Good luck today, i'll be thinking of you.


----------



## D8zed (Mar 12, 2009)

Here are some tips for having "the talk" from one of my many books on divorce:


Use "I" statements (as mentioned previously)
Use natural language
Do not blame him for your decision. Model peaceful behavior.
Be clear that it is over.
Do not discuss proposals about the details of the divorce.
Do not retaliate if he attacks or criticizes you.
Reassure him that you want to work with him to achieve fairness and the best arrangement for all of you.
Tell him there is no hurry to resolve everything and that you will wait until he's ready.

Obviously that last bullet point doesn't mean he can just go months without responding.
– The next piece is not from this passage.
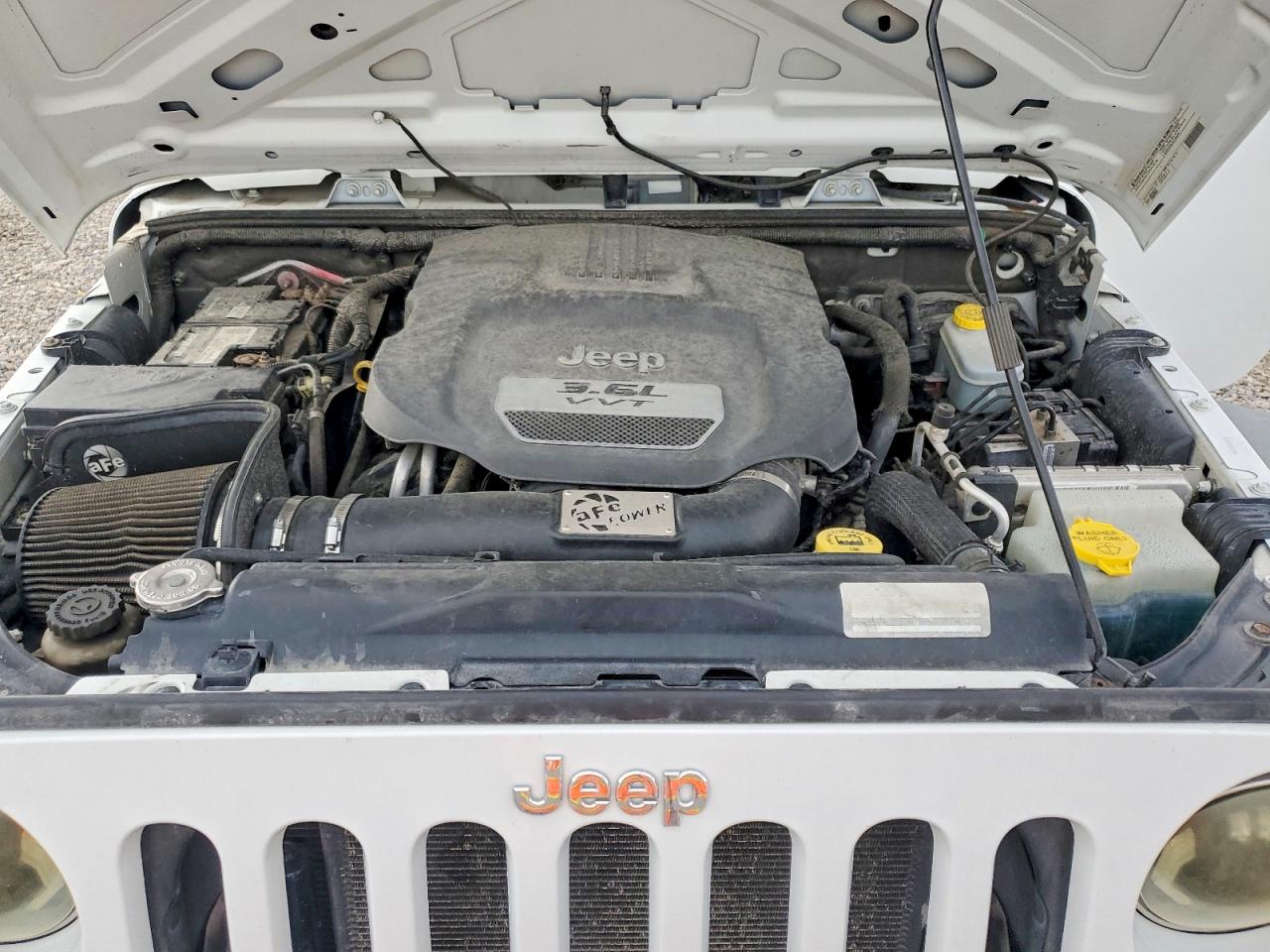 2012 Jeep Wrangler Unlimited Sport White vin: 1C4BJWDG3CL160196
Remember - your goal is to have a 'good' (i.e., civil) divorce hopefully using mediation instead of going to trial.


----------



## MarkTwain (Aug 1, 2008)

Sufficiently Breathless-
I looked at your other threads. Before you go and do something irreversible, I have just one question:

Is it possible that his porn use got ramped up because he was trying to make you notice him? I don't like to take sides, so I always try and imagine what a thread would be like if it were posted by the other spouse.
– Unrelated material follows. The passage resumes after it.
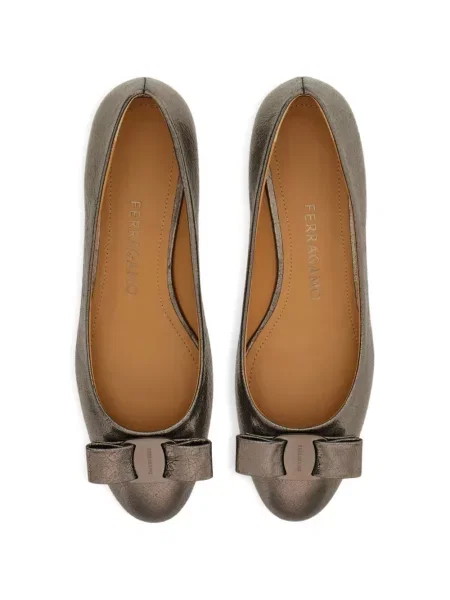 Pantofi cu toc Ferragamo cu funde gri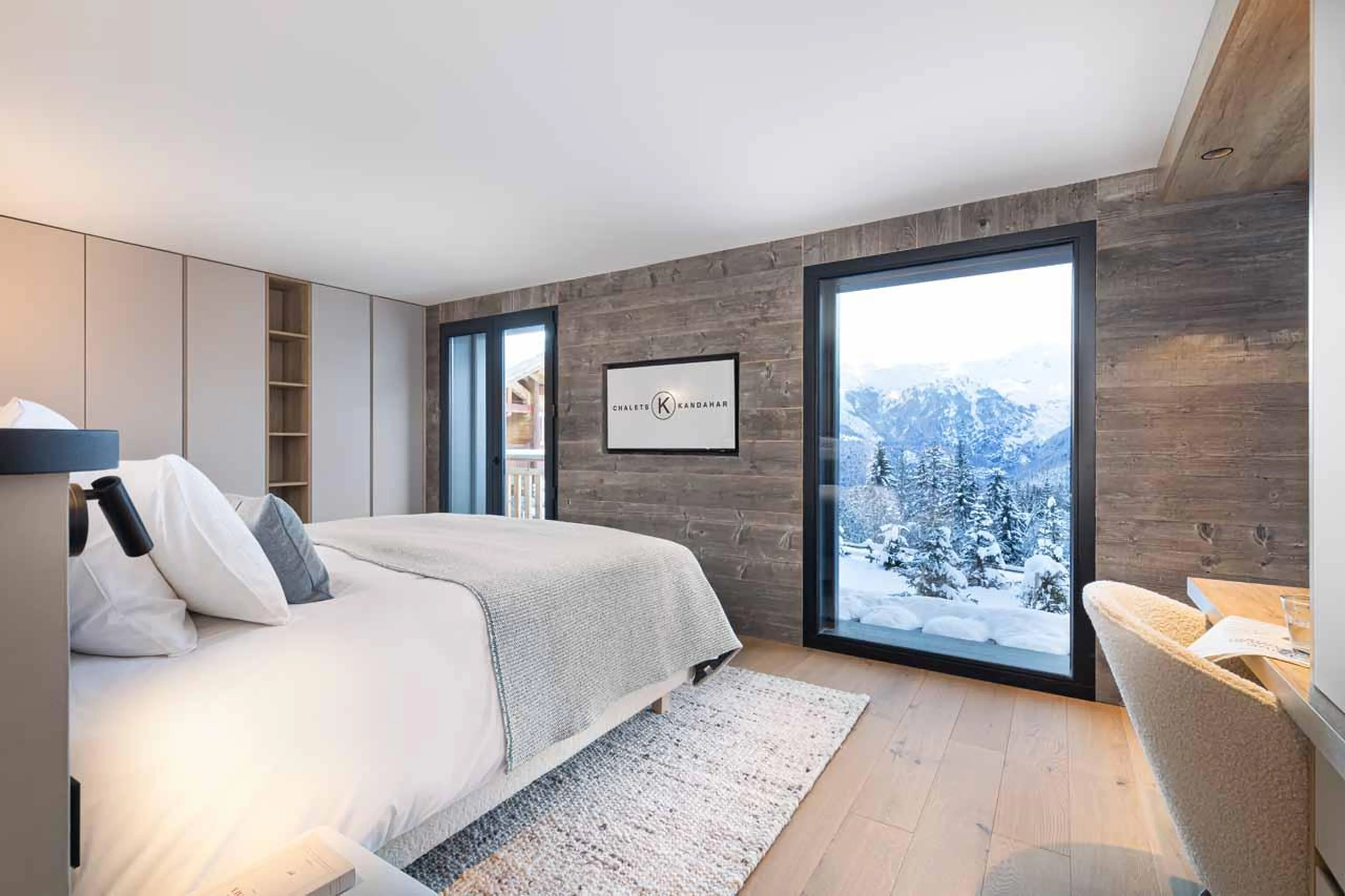 Double/twin bedroom with large dressing room at Chalet Kandahar in Courchevel 1550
"She has not wanted me to touch her in 2 years..." etc.

He certainly sounds unhealthy... but could it boil down to an ego clash?


----------



## Sufficiently Breathless (May 18, 2009)

His addiction started way before I stopped sleeping with him.. its been going on for most of our marriage... 
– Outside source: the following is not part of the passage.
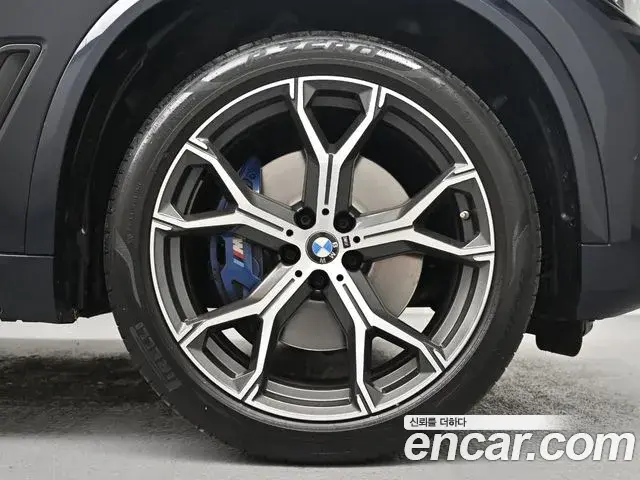BMW X5 2022 — Photo 4/20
It's not only his addiction.. its his emotional abuse.. his financial abuse (cuz when i threatened to leave if he didnt quit his porn he took control of all the money and closed all of our joint accounts, wont give me money for food or anything)... his possible sexual abuse (ie watchign porn with our daughter sitting in his lap, recording porn on our DVR which my kids know how to watch a recorded movie! ect ect)...

I just don't see a way out.. I'm repulsed by his addiction and his behavior over the last 10 years. I can not fathom even being here anymore. And I can not leave my kids to grow up seeing any more of this.. I just hope they aren't already fu*ked up completely....


----------



## MarkTwain (Aug 1, 2008)

Sufficiently Breathless said:


> his possible sexual abuse (ie watchign porn with our daughter sitting in his lap


Worrying for sure... 

How long ago did you stop sleeping with him?


----------



## Sufficiently Breathless (May 18, 2009)

the last time we had sex was in april.. but thats only because i threw him a bone cuz it was our anniversary. I have not withheld on him completely.. 

but before april was december.. so we've had sex 2 times in the last 6 months... and I am not inclined to do it again with him.. ever.. My 13 year old cousin finding a porn in the backseat of his car was the limit with me.. now my whole family knows.. and I feel utterly embarassed and stupid.


----------



## MarkTwain (Aug 1, 2008)

Well... a man that sex starved will gravitate towards some outlet or other. He sounds very childish from the way you tell it. You could still give him an ultimatum - a real one. But that would only work if you still love him deep down. However, it sounds as if that particular flame has nearly flickered out.

One thing I don't understand is, why he continues to want to stay with you, given that he is sex mad, and he's not getting any, plus home life sounds like hell on all sides? Is he having an affair?


----------



## Sufficiently Breathless (May 18, 2009)

I really don't know if he is having an affair or not... and honestly I don't care. Sad aint it? 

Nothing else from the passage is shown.